Sure, you have that Guard at the top of you list, but there’s that Cornerback you like, too. The Cornerback isn’t as good as the Guard, but there’s like 11 more Guards you think are almost as good and that Cornerback is the last one you like in the draft. Your next pick isn’t for another 32 slots. What do you do? There’s various shades of this that make things difficult.
But where things really get tough for GMs in real life is when they have to start balancing the other tough questions that most of us don’t have to face:
Last Minute Information
We targeted a guy in the first round and he fell to us, but an hour ago we learned he has a heart defect of unknown severity and there’s a second test that might just clear the whole thing up but the results aren’t in yet. There’s another you really like, but just now a tweet came out with a rumor that he hit a woman. Now what?
Sure, you are convinced that this Guard is the next Quenton Nelson, but the owner just came in. He sits on the board of a Fortune 100 company and one of the other board members went this college and he really, really likes this Wide Receiver. The owner doesn’t care if no one is projecting him until the second round, he doesn’t want to take a chance – you better get him in the first. Now what? If you take the receiver and he flops and everyone calls you stupid, then what? Or maybe it’s not that specific. Maybe after you carefully comb through hundreds of players and rank them with 20 other scouts, and have found the perfect defensive lineman for your new scheme, the owner comes in and says he thinks the team really needs to upgrade safeties and he wasnt to see results.
You were the only team that even showed up to pro day at Backwater U in Nowheresville and you just knew the next John Randle was hiding there, so how the f#ck did your division rival grab him in the top of the 7th when he was your guy? You passed up at least 4 other chances to get a Defensive Lineman because you knew he would be there. Now you’re on the clock… who are you taking?

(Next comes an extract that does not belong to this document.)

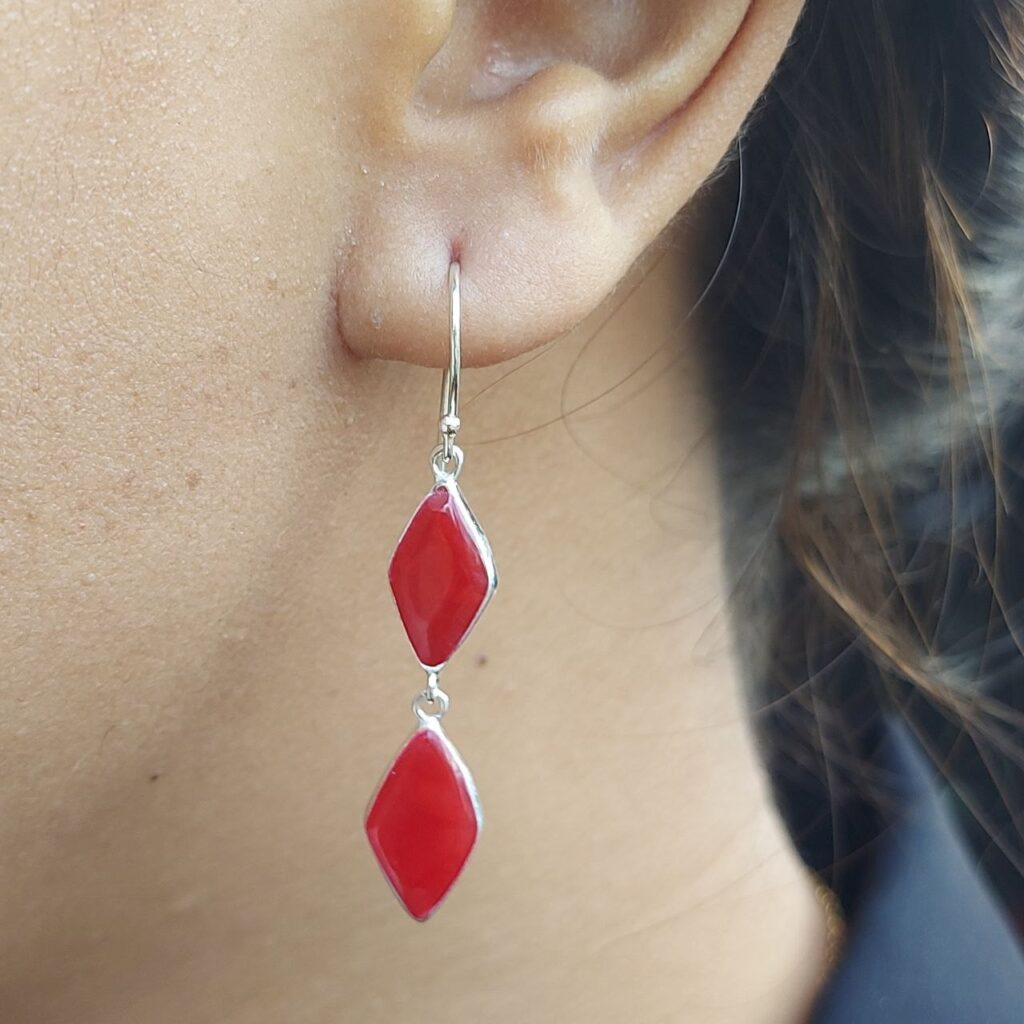 Anting Perak Kerang Wajik Ganda (Shell Earrings) E1850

Remember that regional scout that got all p!ssy and threw a steaming hot coffee in your face? You calmly explained to him that wasn’t acceptable. His contract is up in May and he knows he’s not staying, so he takes a copy of your draft board over to the team that picks three spots ahead of you. They keep grabbing your targets and you don’t realize what happened until a month later when that scout is announced as a personnel director at the other team in June. Think this doesn’t happen?
You’ve heard it from multiple sources that a certain player has a certain issue that pretty much removes him from your board. Is it possible that your sources were paid to say that by an agent or another GM? No, no one would ever do something like that… but if they did, would that mean you have to discount everything from all those sources, or just the stuff about that one guy? It gets harder when their information was really valuable in the past.
You need a Defensive Tackle and a Linebacker and it’s your turn. There’s 5 DTs you really like, but only 1 LB. You pick again in 8 slots, so of course you take that one LB. Then a DT run starts, everyone else snatches them up and they’re all gone. Later you learn that no one was going to take an LB for another 2 rounds. Does that make you a terrible GM?
While dealing with all that, don’t forget that you need to balance winning right now to keep your job with having a sustainable talent base so you can be successful in the future.
Really, the amount of information is just staggering. Nevermind that this game has 22 players moving in different directions at the same time on every play. The outcome of each game is determined by over 100 players and dozens of coaches.
It’s nearly impossible to accurately “know” that you are making the right pick at any point in the draft.
There’s so much randomness that you might as well just let a homeless guy make your picks for you.